Exercise description:
Retype every record exactly. Skip the images.

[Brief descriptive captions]
********

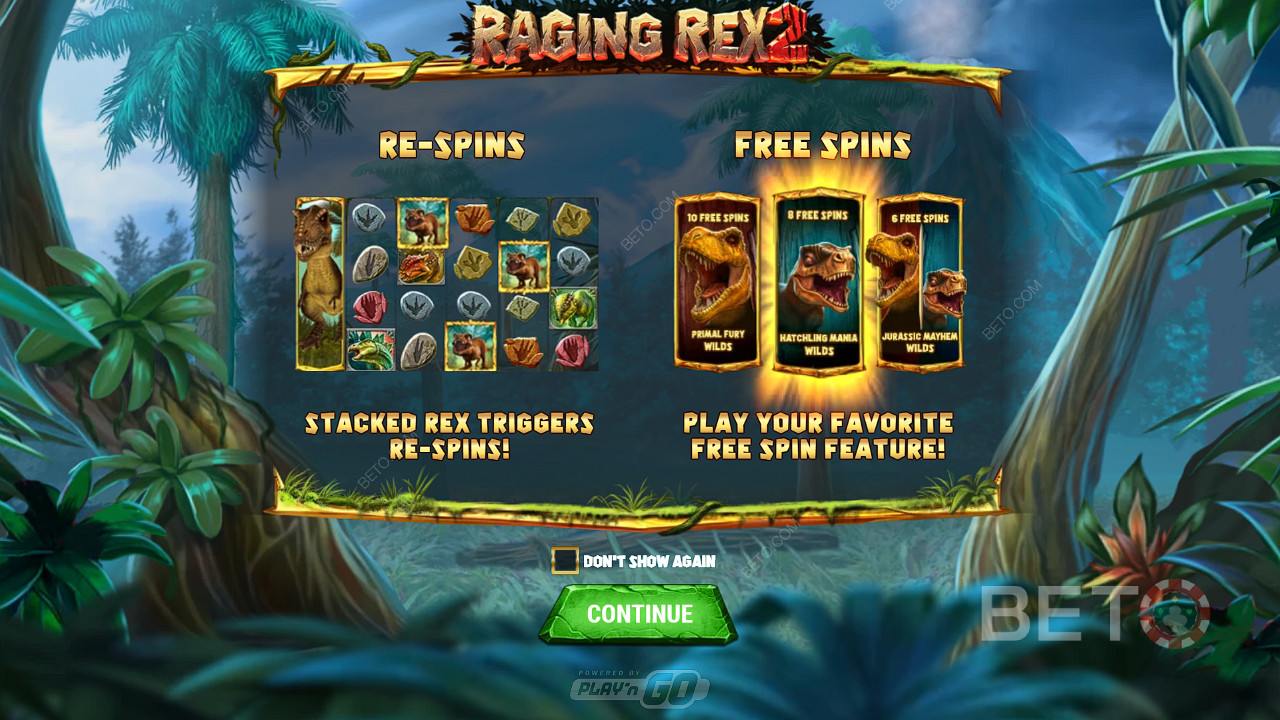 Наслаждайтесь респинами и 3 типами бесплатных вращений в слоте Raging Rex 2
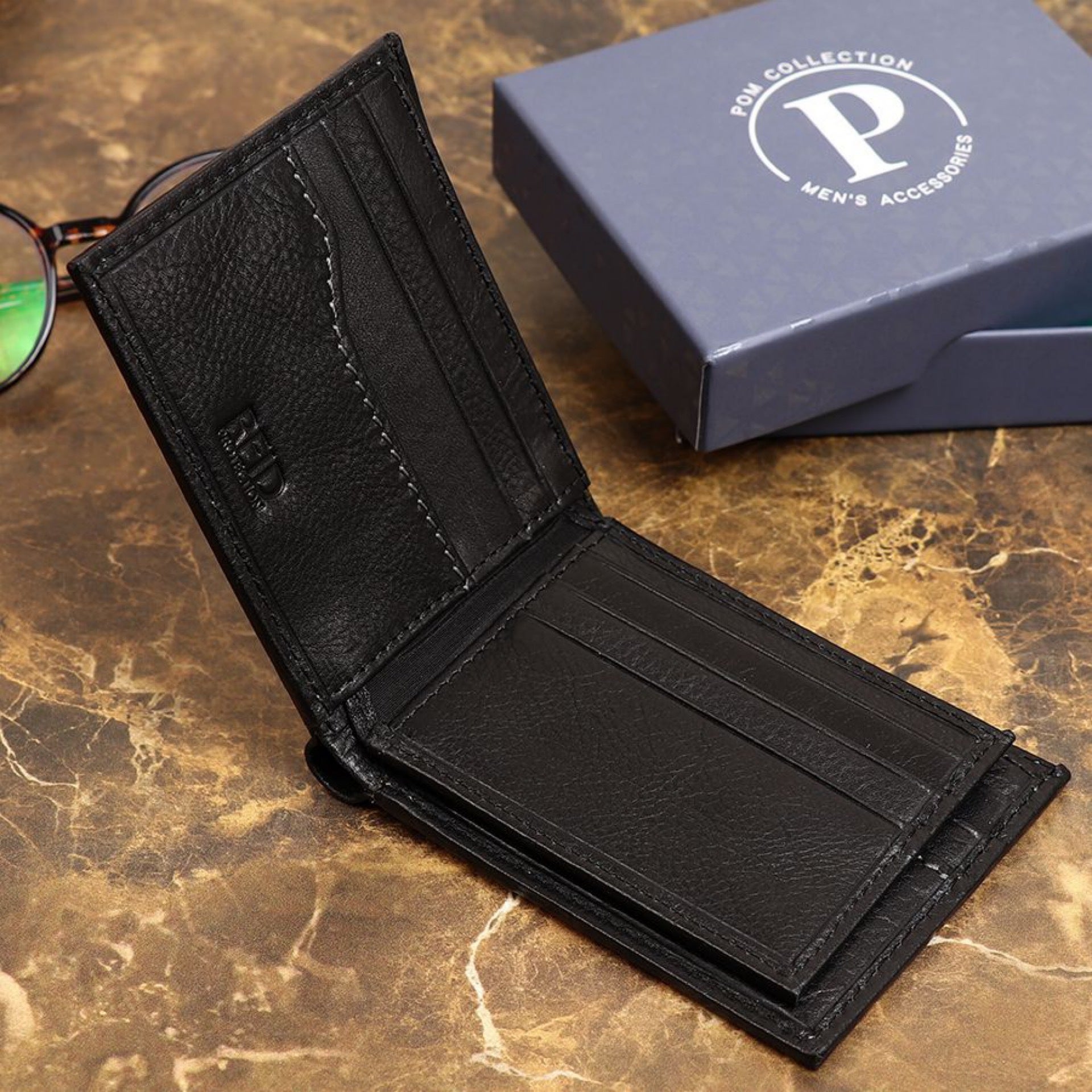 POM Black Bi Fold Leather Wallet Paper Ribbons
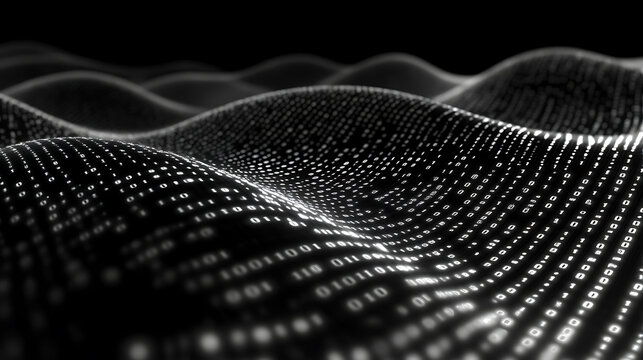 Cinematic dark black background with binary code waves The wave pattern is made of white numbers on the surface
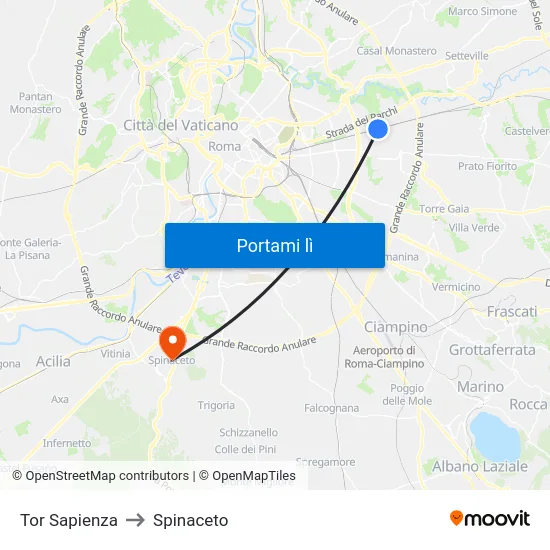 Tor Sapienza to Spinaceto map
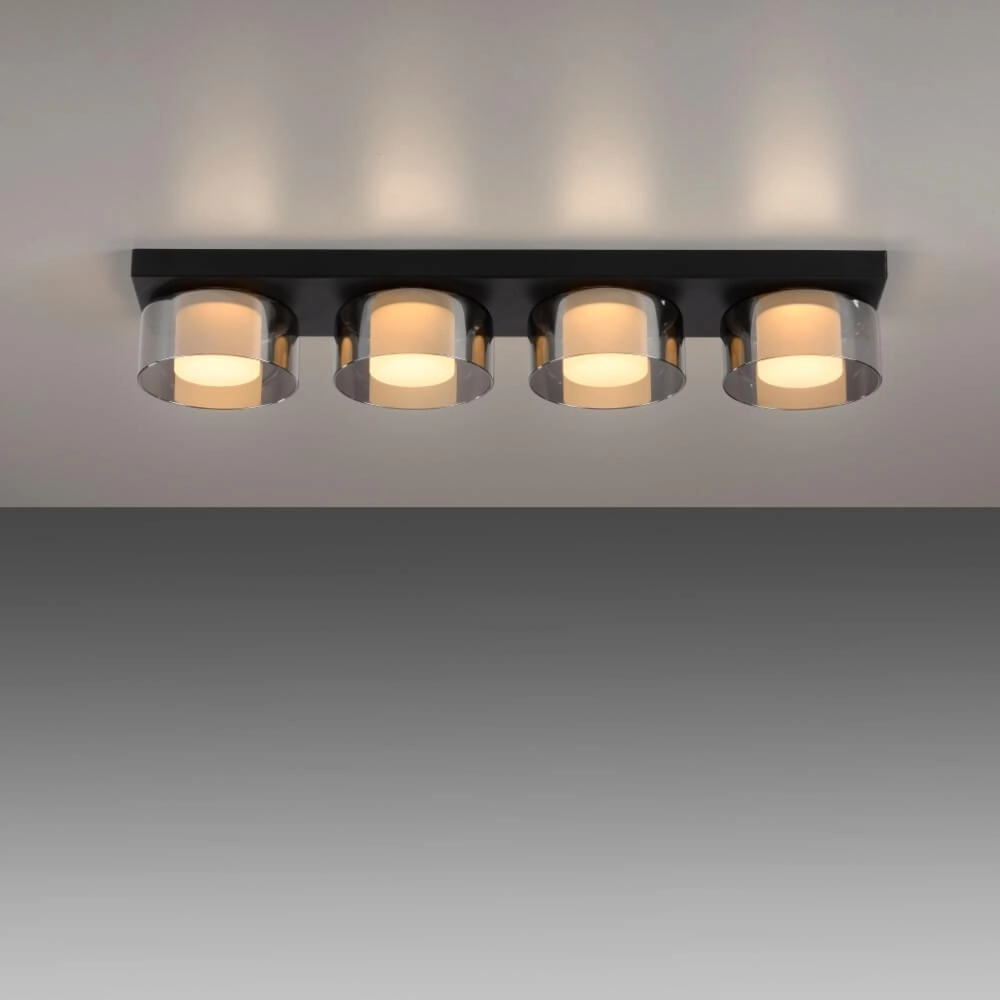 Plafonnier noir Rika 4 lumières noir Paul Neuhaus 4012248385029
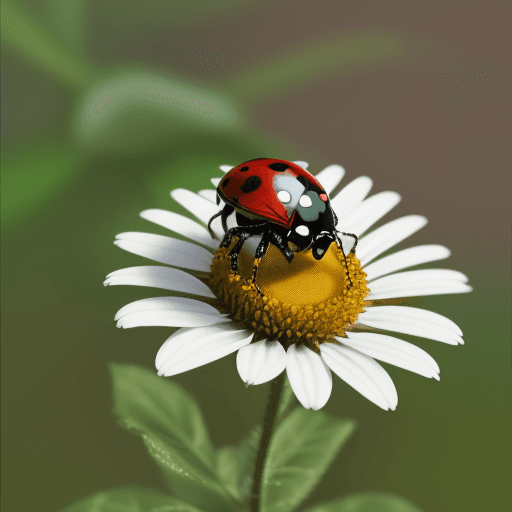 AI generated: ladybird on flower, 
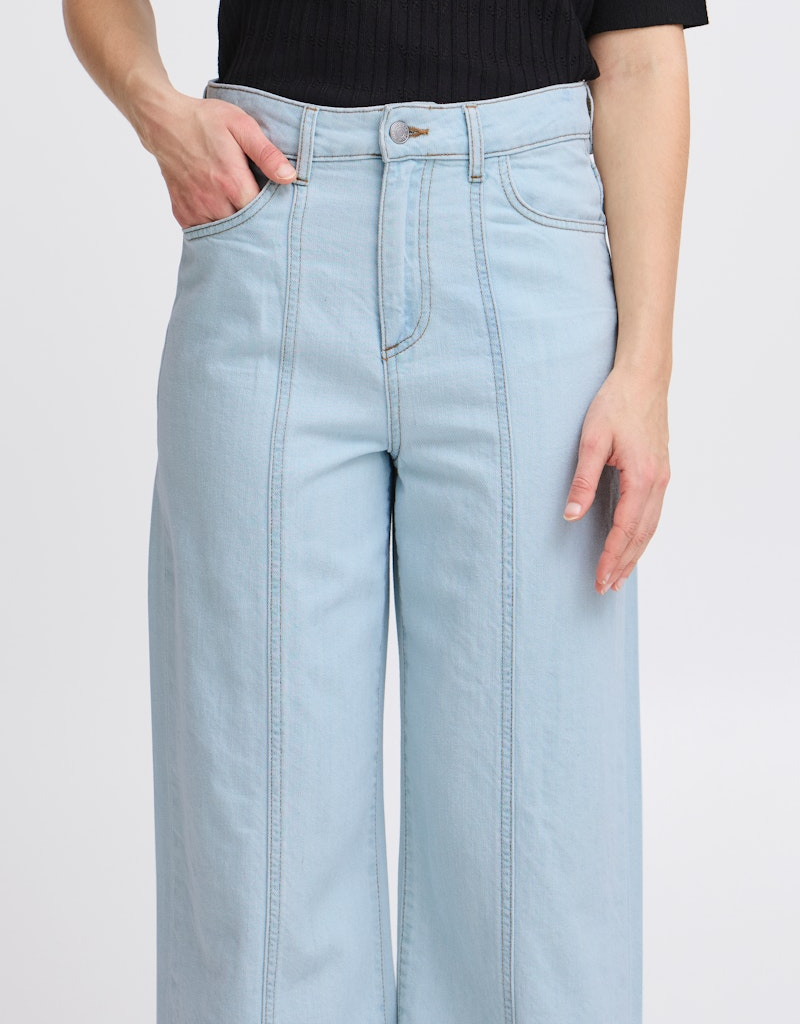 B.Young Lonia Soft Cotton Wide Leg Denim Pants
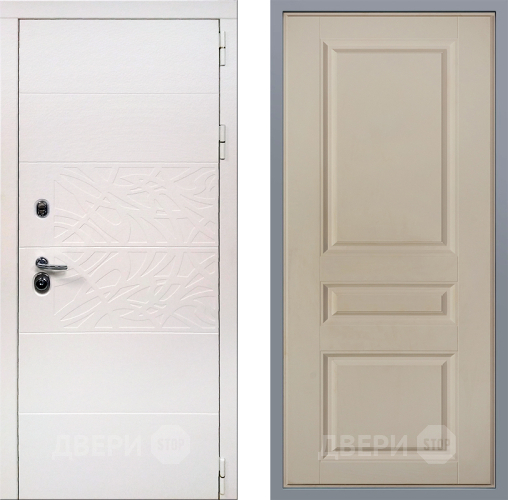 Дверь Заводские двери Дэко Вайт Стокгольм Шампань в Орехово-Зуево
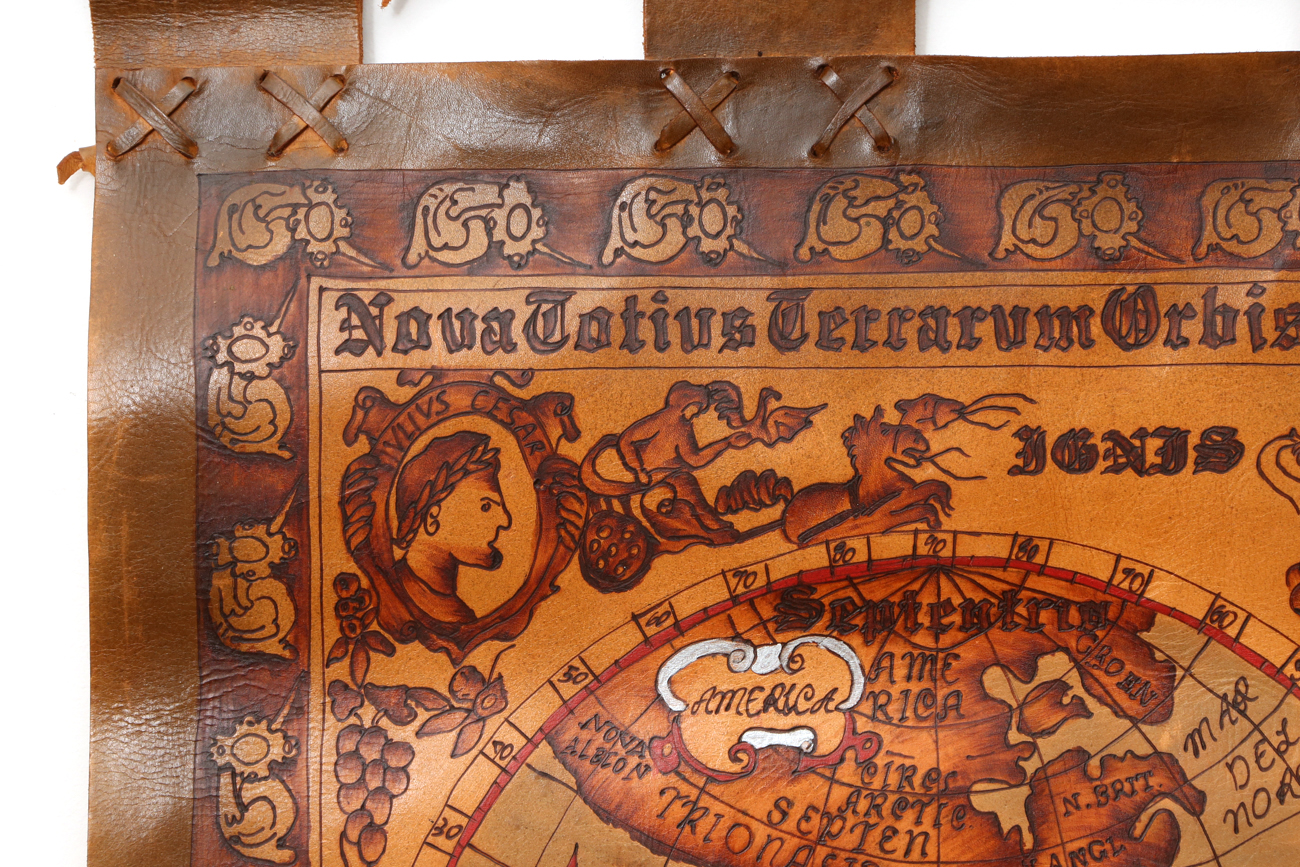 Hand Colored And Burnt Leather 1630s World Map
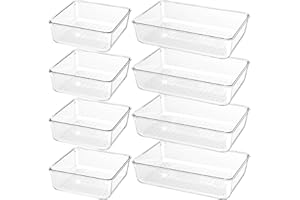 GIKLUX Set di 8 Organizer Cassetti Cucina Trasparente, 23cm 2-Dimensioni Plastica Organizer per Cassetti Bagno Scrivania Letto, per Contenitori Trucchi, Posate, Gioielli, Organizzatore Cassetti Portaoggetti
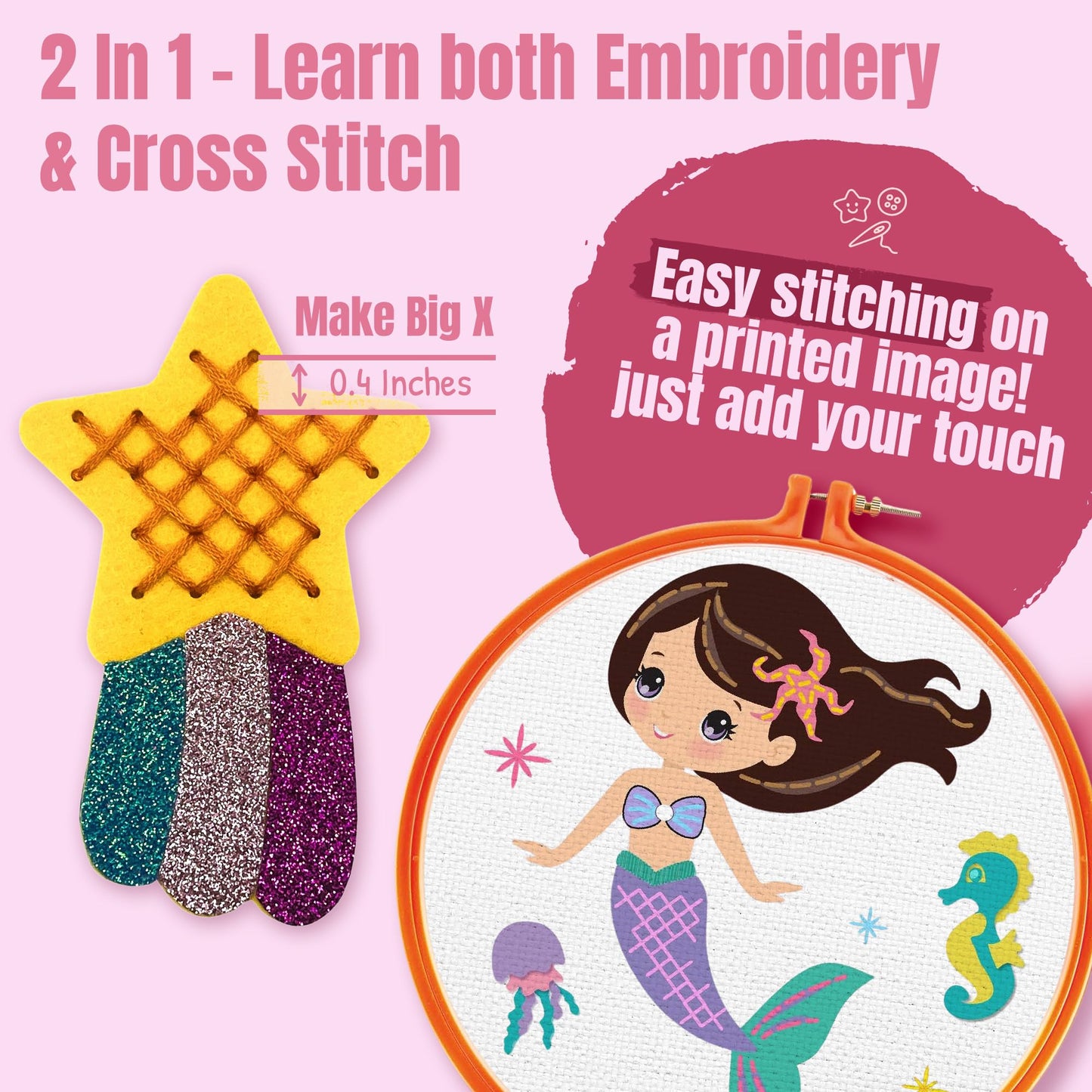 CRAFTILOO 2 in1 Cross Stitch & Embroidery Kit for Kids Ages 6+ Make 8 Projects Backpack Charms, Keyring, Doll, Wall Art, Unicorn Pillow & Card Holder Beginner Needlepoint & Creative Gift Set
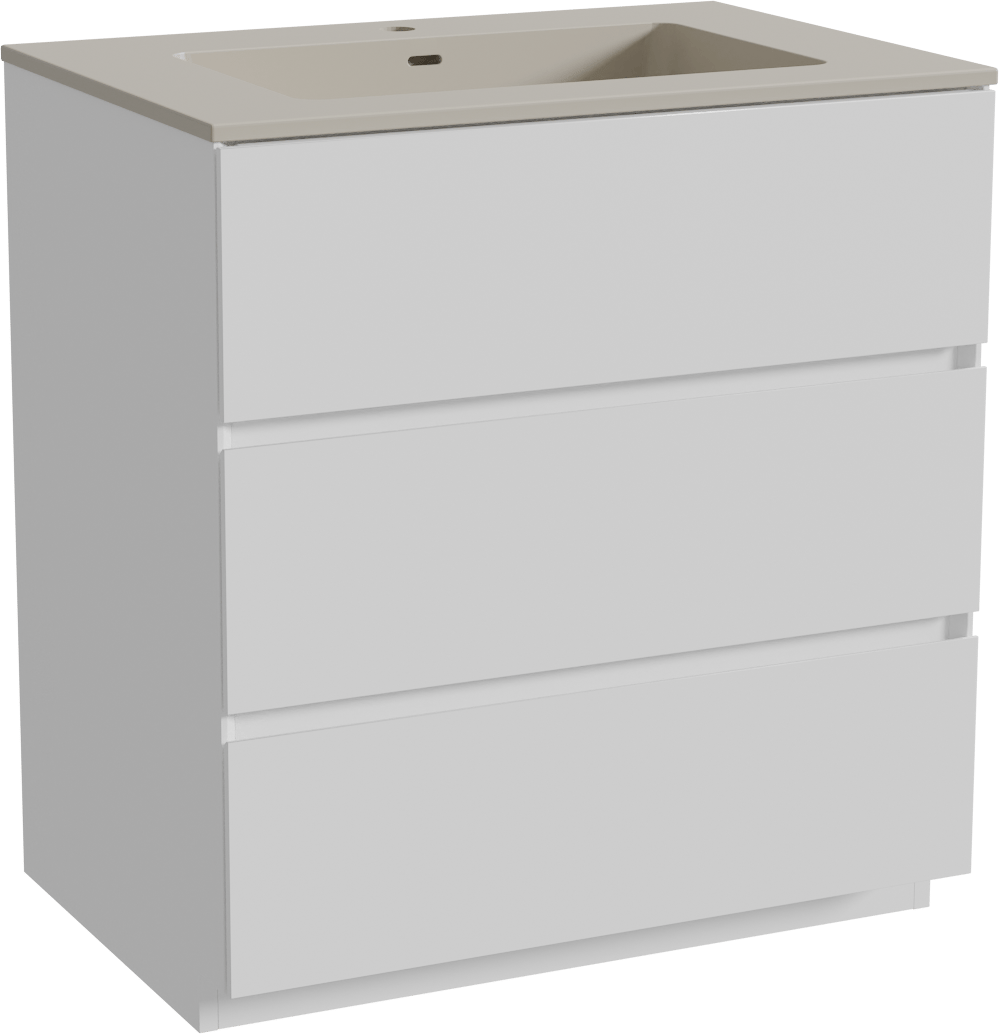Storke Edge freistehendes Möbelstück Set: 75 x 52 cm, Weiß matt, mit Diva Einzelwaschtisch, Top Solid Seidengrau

********

Answer area:
 Наслаждайтесь респинами и 3 типами бесплатных вращений в слоте Raging Rex 2
 POM Black Bi Fold Leather Wallet Paper Ribbons
 Cinematic dark black background with binary code waves The wave pattern is made of white numbers on the surface
 Tor Sapienza to Spinaceto map
 Plafonnier noir Rika 4 lumières noir Paul Neuhaus 4012248385029
 AI generated: ladybird on flower, 
 B.Young Lonia Soft Cotton Wide Leg Denim Pants
 Дверь Заводские двери Дэко Вайт Стокгольм Шампань в Орехово-Зуево
 Hand Colored And Burnt Leather 1630s World Map
 GIKLUX Set di 8 Organizer Cassetti Cucina Trasparente, 23cm 2-Dimensioni Plastica Organizer per Cassetti Bagno Scrivania Letto, per Contenitori Trucchi, Posate, Gioielli, Organizzatore Cassetti Portaoggetti
 CRAFTILOO 2 in1 Cross Stitch & Embroidery Kit for Kids Ages 6+ Make 8 Projects Backpack Charms, Keyring, Doll, Wall Art, Unicorn Pillow & Card Holder Beginner Needlepoint & Creative Gift Set
Storke Edge freistehendes Möbelstück Set: 75 x 52 cm, Weiß matt, mit Diva Einzelwaschtisch, Top Solid Seidengrau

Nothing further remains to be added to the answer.